Given records START
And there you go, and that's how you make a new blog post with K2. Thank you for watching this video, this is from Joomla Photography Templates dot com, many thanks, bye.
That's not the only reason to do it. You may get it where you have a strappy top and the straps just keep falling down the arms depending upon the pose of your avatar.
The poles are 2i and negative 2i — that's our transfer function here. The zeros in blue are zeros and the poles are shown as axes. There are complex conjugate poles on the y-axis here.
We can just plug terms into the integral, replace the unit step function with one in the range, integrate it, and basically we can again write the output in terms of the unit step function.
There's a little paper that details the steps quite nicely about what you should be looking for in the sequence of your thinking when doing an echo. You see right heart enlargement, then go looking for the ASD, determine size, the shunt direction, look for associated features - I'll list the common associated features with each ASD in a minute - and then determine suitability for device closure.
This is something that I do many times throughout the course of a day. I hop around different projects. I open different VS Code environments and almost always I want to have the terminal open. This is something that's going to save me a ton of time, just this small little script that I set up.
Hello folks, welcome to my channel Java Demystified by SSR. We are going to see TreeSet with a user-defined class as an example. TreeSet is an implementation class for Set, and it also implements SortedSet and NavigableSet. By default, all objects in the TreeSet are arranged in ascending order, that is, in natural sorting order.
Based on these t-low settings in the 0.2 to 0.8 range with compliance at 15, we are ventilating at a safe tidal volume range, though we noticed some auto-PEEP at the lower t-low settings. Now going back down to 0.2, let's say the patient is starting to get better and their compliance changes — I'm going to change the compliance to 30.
Given records END
Given records START
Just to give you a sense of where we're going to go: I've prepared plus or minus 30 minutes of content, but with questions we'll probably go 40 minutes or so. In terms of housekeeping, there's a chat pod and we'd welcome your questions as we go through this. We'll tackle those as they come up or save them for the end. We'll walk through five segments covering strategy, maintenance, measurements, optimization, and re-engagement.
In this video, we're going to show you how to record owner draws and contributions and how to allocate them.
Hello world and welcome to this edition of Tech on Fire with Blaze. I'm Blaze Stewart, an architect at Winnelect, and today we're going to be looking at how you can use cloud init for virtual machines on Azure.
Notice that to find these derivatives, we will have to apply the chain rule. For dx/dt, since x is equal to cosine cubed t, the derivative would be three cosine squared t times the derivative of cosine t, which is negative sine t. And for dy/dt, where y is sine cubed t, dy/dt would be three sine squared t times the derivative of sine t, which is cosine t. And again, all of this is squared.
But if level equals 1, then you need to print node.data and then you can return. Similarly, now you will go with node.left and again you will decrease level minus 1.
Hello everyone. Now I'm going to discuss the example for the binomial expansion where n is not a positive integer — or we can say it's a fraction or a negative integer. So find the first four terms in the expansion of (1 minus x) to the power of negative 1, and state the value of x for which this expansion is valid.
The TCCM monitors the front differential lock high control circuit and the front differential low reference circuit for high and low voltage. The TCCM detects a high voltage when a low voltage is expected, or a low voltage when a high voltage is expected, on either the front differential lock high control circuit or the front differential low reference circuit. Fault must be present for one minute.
Given records END
**Exercise:**
Could you set down, exactly as written, the lines above between the one holding "Hello world and" and the one holding "The TCCM monitors", inclusive, and nothing more?

**Your solution:**
Hello world and welcome to this edition of Tech on Fire with Blaze. I'm Blaze Stewart, an architect at Winnelect, and today we're going to be looking at how you can use cloud init for virtual machines on Azure.
Notice that to find these derivatives, we will have to apply the chain rule. For dx/dt, since x is equal to cosine cubed t, the derivative would be three cosine squared t times the derivative of cosine t, which is negative sine t. And for dy/dt, where y is sine cubed t, dy/dt would be three sine squared t times the derivative of sine t, which is cosine t. And again, all of this is squared.
But if level equals 1, then you need to print node.data and then you can return. Similarly, now you will go with node.left and again you will decrease level minus 1.
Hello everyone. Now I'm going to discuss the example for the binomial expansion where n is not a positive integer — or we can say it's a fraction or a negative integer. So find the first four terms in the expansion of (1 minus x) to the power of negative 1, and state the value of x for which this expansion is valid.
The TCCM monitors the front differential lock high control circuit and the front differential low reference circuit for high and low voltage. The TCCM detects a high voltage when a low voltage is expected, or a low voltage when a high voltage is expected, on either the front differential lock high control circuit or the front differential low reference circuit. Fault must be present for one minute.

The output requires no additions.